- Price: €440
- Category: All-Mountain
- Ability Level: Beginner, Intermediate, Advanced
- Size: 156, 159, 163
- Flex: 6/10
- Shape: Directional Twin
- Profile: Camber
- Base: Extruded
- New for 2020/21
Snowboarding is expensive. Since when did it become the norm that a week-long lift ticket could cost the same as your snowboard? While Amplid aren’t (to our knowledge) in a position to shift the entire economic landscape of the winter resorts industry, they can at least offset some of the financial burden on the other end of the scale. The all-new Ticket snowboard takes the winning formula of the Paradigma and reconfigures it into one of their most affordable snowboards to date.

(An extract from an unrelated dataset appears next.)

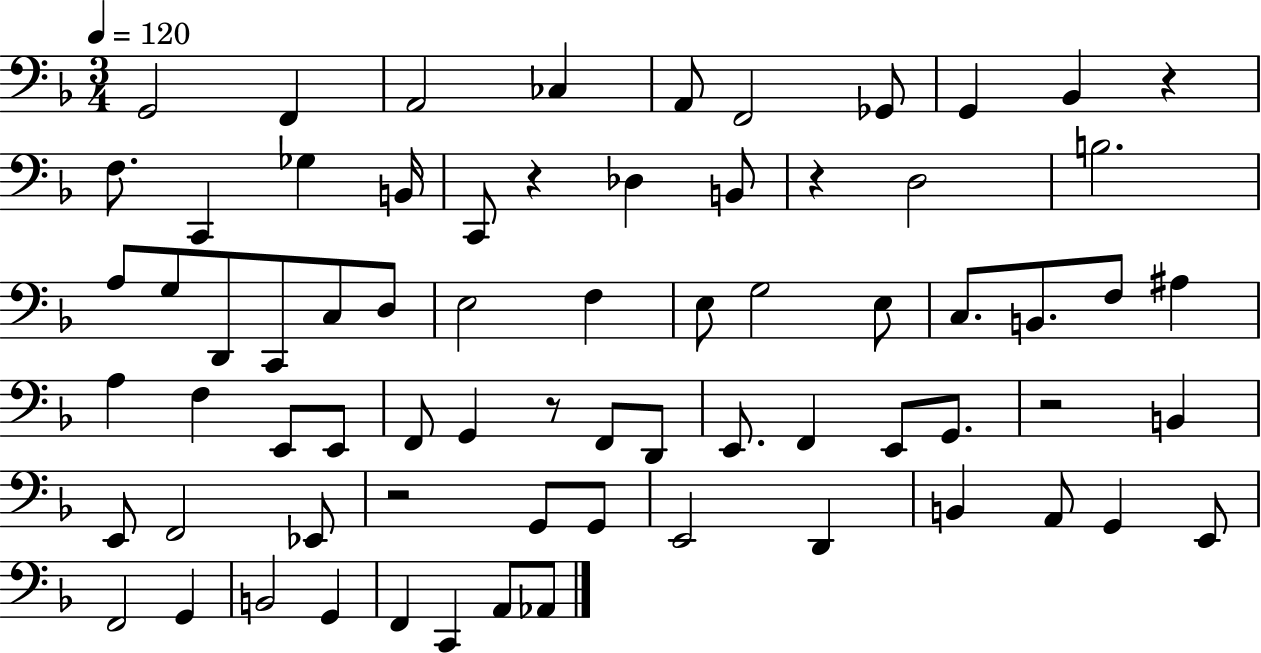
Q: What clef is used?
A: bass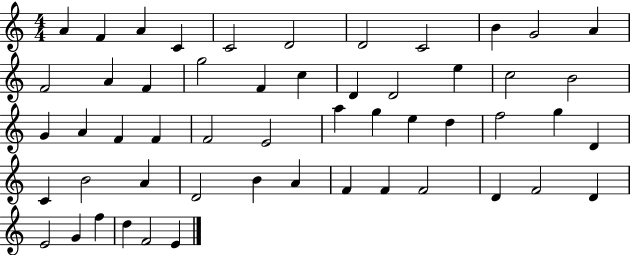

Much of the shape and construction remains the same. The outline is still a directional twin and there’s no taper to speak of, so switch riding is very much on the cards here. The slight increase of length in the nose provides some versatility and improved handling in variable or powdery conditions. That’s also aided by the All Terrain Tips, which shift the volume in the nose and tail of the board to help with float, but leave the swing weight unaffected, allowing things to still feel balanced in the air.

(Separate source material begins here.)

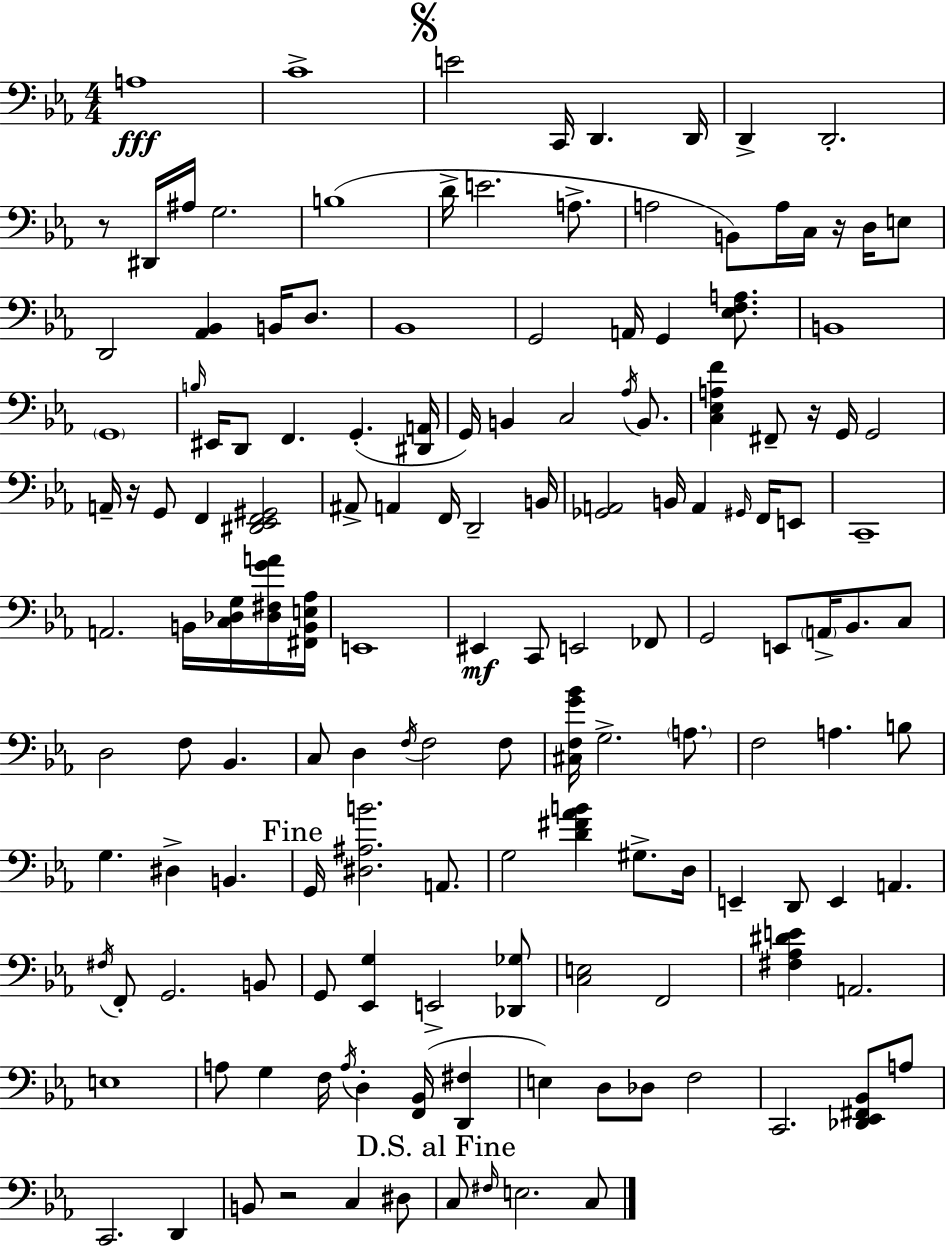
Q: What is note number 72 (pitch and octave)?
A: Bb2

“Performance wise, the only noticeable trade off between the Ticket and the Paradigma will be felt by riders who tend to go full hog across the whole mountain and rarely take their foot off the gas”
There’s also a mellow camber – something that will appeal to the purists out there – but it’s not so aggressive as to completely dominate the Ticket’s more forgiving nature. That’s also down to it’s smooth and progressive flex, created from a combination of biax glass laminates with a full, poplar wood core. There’s more than enough grip and rebound when you want to push it, but it’s a board that’s primed and ready for flatland jibbing and buttering at a second’s notice.
Performance-wise, the only noticeable trade-off between the Ticket and the Paradigma will be felt by riders who tend to go full hog across the whole mountain and rarely take their foot off the gas. Instead of a rapid (and ultimately more costly) sintered base, Amplid have fitted an extruded one instead. This rules out those face-warping top speeds, but therefore eliminates the necessity for the other pricey performance add-ons, like Visco Damp or Basalt Suspension Strips.
The arrival of the Ticket (and the Ticket Twin) feels like a big missing piece of the Amplid puzzle just slotted into place. While they probably won’t appeal to the loyal, long-time riders of the German-based brand, this tamed version of the Paradigma isn’t aimed at them. Amplid have opened their arms wide and extended a big hug to the masses who, up until now, had to find their daily drivers from other brands.